Now I know it is very unpractical and undesirable to start determining what kind of floor a venue should have, so lets focus a bit more on the mats themselves.

As far as I know the following mats have been used:

Stackmat gen 2 mats: (there are 2 different thicknesses, the newer ones are a bit thinner (ask Henrik for more details here)).
Stackmat gen 3 mats: which are thinner, smaller and have a different shape. For a comparison: http://i1.ytimg.com/vi/nTMkhr3zQFU/hqdefault.jpg
Custom mats*: for example here https://www.youtube.com/watch?v=y2bUfKOW44Y or even at WC 2011 http://www.5x5x5.net/wc2011/20111015/P1080412.jpg
No mat* 

* arguably the regulations require the use of the original mat reading https://www.worldcubeassociation.org/regulations/#7f1 although it is not very clear if the mat just has to be compatible or has to be the original mat or what "full sized" means.

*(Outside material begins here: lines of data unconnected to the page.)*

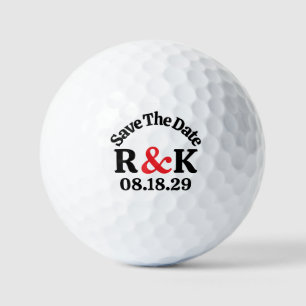 BEWAAR DE DATUM Monogram Initiaal & Rode Ampersand Golfballen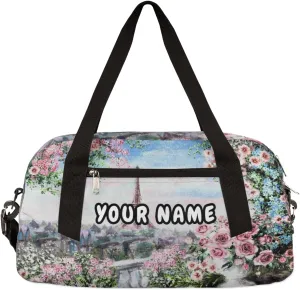 Paris Eiffel Tower Flower Personalized Kids Duffel Bag for Girls, Tower Debris Custom Name Dance Bag Overnight Small Duffel Bag Carry On Weekend Travel Bag for School Practice Gymnastics Ballet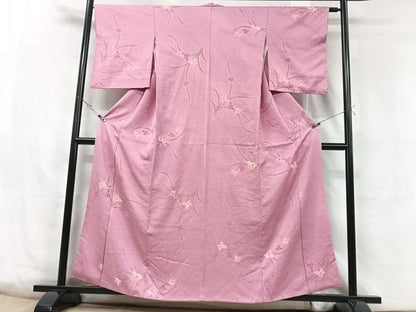 平和屋着物■上質な小紋　地紋起こし　舞葉文　正絹　逸品　CABD6830xe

Of course this issue does not come up a lot since feet is not held very often and if it is held I usually try to get a gen 2 mat, but I feel some clearing up and some thinking has to be done here. If not for feet, then just for the fact that it is not very clear if the original mat has to be used during other events.


----------



## irontwig (Apr 7, 2014)

How about allowing competitors to use their own mats? I don't think that having _more_ regulations is all that desirable.


----------



## Lucas Garron (Apr 9, 2014)

We sort of already have a topic for this.



Erik said:


> * arguably the regulations require the use of the original mat reading https://www.worldcubeassociation.org/regulations/#7f1 although it is not very clear if the mat just has to be compatible or has to be the original mat or what "full sized" means.
> 
> Of course this issue does not come up a lot since feet is not held very often and if it is held I usually try to get a gen 2 mat, but I feel some clearing up and some thinking has to be done here. If not for feet, then just for the fact that it is not very clear if the original mat has to be used during other events.

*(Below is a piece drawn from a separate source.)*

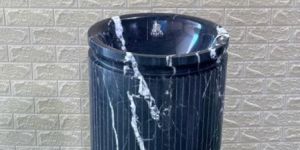 Black Pedestal Wash Basin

Indeed, this hasn't been important enough to look at. Most competitions have mats of *some* sort for most events, which is the main topic.

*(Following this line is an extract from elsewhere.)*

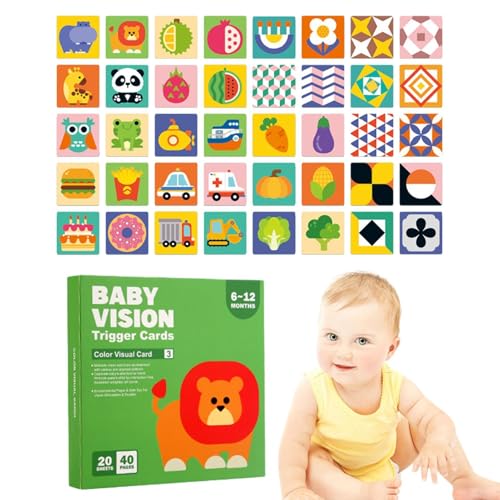 Visuelle Kontrastkarten für Neugeborene – Baby-Memory-Karten für frühes Lernen | Flash-Karten für die Entwicklung des Gehirns, Aktivitätskarten für Babys, Karten von Generic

We're also limited by the fact that timers are purchased with mats, and not every organizer can afford to buy whatever we might regulate.
This is the kind of thing where I'm not sure we can do very much at the moment, but we'd be happy to take good suggestions.

A useful step might be to be write some explicit clarification that all competitors should have an equal opportunity to fair conditions, and that this includes the parts of the solving station. This should certainly be the case for a single competition, but it could apply across the world.



irontwig said:


> How about allowing competitors to use their own mats? I don't think that having _more_ regulations is all that desirable.


Exactly. Having more Regulations is not desirable, so there is not a need to specify this.

An organizer may use mats lent/donated by competitors, as long as they're following the Regulations.

However, organizers should be fair. If someone gets to use a thicker mat, the option should be available to all competitors if they ask.
(Just like if there are chairs available, I think it's reasonable or a competitor to request to use one.)


----------



## yoinneroid (Apr 9, 2014)

wait, if there is a standardized mat, will there be an option of not using mat at all?


----------



## Erik (Apr 9, 2014)

Lucas Garron said:


> Exactly. Having more Regulations is not desirable, so there is not a need to specify this.
> 
> An organizer may use mats lent/donated by competitors, as long as they're following the Regulations.
> 
> ...



From this I understand that competitors have/should have the right to choose the station they desire, which is a good solution if lets say there is only one gen 2 mat and only other gen 3 mats. Maybe this and the thing about "lending" your own mat to the organizer in this case is a perfect thing for the guidelines? No need for more specifications of regulations in that case, just a small sentence in the guidelines like "to ensure fairness, competitors may choose a solving station of their choice" or "if there is a variation in equipment, the organizer should be open for borrowing equipment from competitors to get rid of this variation".

Btw: I do not feel very positive about custom mats, especially for feet. Reading the regulations I do think they kind of imply that the original mat should be used. Some clarification about this point would be necessary as well. (afaik you mostly buy a timer with a mat in one go anyway)


----------